On the other hand, in the 4000–2400 cm⁻¹ region (Figure 3b), a significant increase in the intensity of the –OH band was observed in the PBAT-Z sample treated with 6M HCl aqueous solution, which correlates with the observed change in the wettability (Figure 2). The difference in the intensity of –OH band could be attributed to the formation of Si-OH₂⁺ groups in the zeolites according to the following reactions [47,48]:

SiOH + H⁺ → SiOH₂⁺

(1)

Silanol group can also be deprotonated under basic conditions:

SiOH + OH⁻ → SiO⁻ + H₂O

(2)

Further, acidic treatment (6M) on the zeolites (without membrane) was performed. Figure 3c shows the comparison of FTIR spectra between treated and untreated zeolites. In such a case, the most intense bands are related to the presence of zeolitic water (3000–3800 cm⁻¹). In addition, an asymmetric internal T-O stretching vibration (T = Si or Al) (1029 cm⁻¹) can also be seen [41,49]. After acid treatment, the T-O stretching band significantly shifts to higher wavenumbers. Given that the position of this band depends on the Si/Al ratio, it is concluded that the acid treatment produces zeolites with a lower Al/Si ratio [50,51].
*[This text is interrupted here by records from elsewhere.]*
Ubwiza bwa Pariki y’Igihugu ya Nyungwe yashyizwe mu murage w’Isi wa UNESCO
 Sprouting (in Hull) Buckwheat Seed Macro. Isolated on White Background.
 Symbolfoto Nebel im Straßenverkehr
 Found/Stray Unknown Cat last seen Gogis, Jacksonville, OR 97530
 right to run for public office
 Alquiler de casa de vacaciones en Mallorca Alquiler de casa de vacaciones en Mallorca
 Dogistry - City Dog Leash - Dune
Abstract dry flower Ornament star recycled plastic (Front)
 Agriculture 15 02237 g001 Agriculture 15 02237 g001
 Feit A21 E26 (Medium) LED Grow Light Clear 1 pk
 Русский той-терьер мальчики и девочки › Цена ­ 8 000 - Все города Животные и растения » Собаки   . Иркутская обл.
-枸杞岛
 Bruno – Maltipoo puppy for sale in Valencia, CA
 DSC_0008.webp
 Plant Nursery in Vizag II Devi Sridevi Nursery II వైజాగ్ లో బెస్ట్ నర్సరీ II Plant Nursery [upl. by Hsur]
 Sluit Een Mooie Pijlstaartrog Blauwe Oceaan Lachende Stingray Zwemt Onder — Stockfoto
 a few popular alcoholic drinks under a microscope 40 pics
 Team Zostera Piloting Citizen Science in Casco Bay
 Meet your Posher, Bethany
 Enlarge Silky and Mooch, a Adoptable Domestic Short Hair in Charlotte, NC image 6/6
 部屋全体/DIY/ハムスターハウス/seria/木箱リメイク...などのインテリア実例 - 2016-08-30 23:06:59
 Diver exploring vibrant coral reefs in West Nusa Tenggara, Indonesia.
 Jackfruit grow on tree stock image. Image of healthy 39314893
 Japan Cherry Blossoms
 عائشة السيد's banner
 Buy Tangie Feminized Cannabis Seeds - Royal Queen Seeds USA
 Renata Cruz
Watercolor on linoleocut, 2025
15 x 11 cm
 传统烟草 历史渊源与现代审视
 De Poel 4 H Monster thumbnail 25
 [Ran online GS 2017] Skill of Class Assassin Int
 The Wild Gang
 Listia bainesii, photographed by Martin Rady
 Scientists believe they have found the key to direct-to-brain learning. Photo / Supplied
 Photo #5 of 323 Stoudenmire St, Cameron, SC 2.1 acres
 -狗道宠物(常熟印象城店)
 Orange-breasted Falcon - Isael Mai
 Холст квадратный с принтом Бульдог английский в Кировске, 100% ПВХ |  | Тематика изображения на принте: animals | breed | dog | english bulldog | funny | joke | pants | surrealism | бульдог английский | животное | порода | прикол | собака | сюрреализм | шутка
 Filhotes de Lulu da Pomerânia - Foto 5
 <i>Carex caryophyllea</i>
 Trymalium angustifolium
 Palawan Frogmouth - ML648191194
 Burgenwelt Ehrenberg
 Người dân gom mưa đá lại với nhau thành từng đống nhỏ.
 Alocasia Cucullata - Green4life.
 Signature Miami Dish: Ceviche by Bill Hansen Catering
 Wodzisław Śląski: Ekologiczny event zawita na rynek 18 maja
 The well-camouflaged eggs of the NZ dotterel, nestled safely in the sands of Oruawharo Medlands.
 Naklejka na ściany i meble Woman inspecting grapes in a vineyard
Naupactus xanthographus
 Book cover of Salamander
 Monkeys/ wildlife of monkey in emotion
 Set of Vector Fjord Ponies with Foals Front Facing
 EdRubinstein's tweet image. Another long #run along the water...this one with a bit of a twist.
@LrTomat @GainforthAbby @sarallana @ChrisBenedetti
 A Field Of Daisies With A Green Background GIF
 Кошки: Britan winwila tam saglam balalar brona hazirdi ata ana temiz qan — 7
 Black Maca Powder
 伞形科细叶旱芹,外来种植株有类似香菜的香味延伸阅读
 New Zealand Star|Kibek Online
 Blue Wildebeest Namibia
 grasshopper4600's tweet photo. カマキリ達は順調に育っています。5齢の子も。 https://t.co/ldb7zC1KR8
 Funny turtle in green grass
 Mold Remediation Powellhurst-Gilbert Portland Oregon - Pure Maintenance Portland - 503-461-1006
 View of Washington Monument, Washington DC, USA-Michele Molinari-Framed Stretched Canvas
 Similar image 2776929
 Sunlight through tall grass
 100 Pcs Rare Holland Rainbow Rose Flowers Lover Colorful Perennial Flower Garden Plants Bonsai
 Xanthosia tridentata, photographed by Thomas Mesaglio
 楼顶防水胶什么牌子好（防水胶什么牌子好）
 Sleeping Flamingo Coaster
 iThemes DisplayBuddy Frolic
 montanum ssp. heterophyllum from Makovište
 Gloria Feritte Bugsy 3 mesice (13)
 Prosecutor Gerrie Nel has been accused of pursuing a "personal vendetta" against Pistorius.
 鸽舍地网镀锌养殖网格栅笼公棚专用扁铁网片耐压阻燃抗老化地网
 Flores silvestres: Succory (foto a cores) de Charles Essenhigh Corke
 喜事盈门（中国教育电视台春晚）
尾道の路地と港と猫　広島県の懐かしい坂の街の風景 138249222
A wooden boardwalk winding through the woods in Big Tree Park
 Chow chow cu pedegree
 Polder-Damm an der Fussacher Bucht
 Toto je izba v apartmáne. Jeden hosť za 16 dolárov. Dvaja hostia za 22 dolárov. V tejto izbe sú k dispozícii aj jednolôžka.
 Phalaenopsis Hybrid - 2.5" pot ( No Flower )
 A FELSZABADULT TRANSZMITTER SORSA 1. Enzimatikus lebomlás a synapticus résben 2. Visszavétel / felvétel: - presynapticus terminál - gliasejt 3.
Protonation of zeolites improves the contact of the material with the aqueous solution because the modified zeolites have a more significant interaction with water. The acid treatment on zeolites also promotes the formation of Brønsted sites through a dealuminization reaction [52]. Thus, the increase in Brønsted sites in the zeolite surface led to a higher interaction with water molecules. As more silanol groups are formed in the zeolite surface, the number of active adsorption sites increases. Additionally, it has been reported that after acid treatment, all the original cations (i.e., K⁺, Na⁺, and Mg²⁺) in the clinoptilolite framework are replaced by hydronium ions [52], which facilitates the cation exchange.

Considering the contact angle and FTIR results, acid treatment with 6M HCl solution produces the most significant changes in membrane water wettability without altering the polymer structure. Therefore, the PBAT-Z-6M membrane was used in the subsequent experiments.

2.3. Adsorption Studies

2.3.1. Performance of Electrospun PBAT-Z Mats and Powdered Zeolite after Treatment with HCl 6 M on Adsorption of TC and MB

Table 1. Adsorption capacities for PBAT and PBAT-Z membranes compared with that of powdered zeolite against TC and MB.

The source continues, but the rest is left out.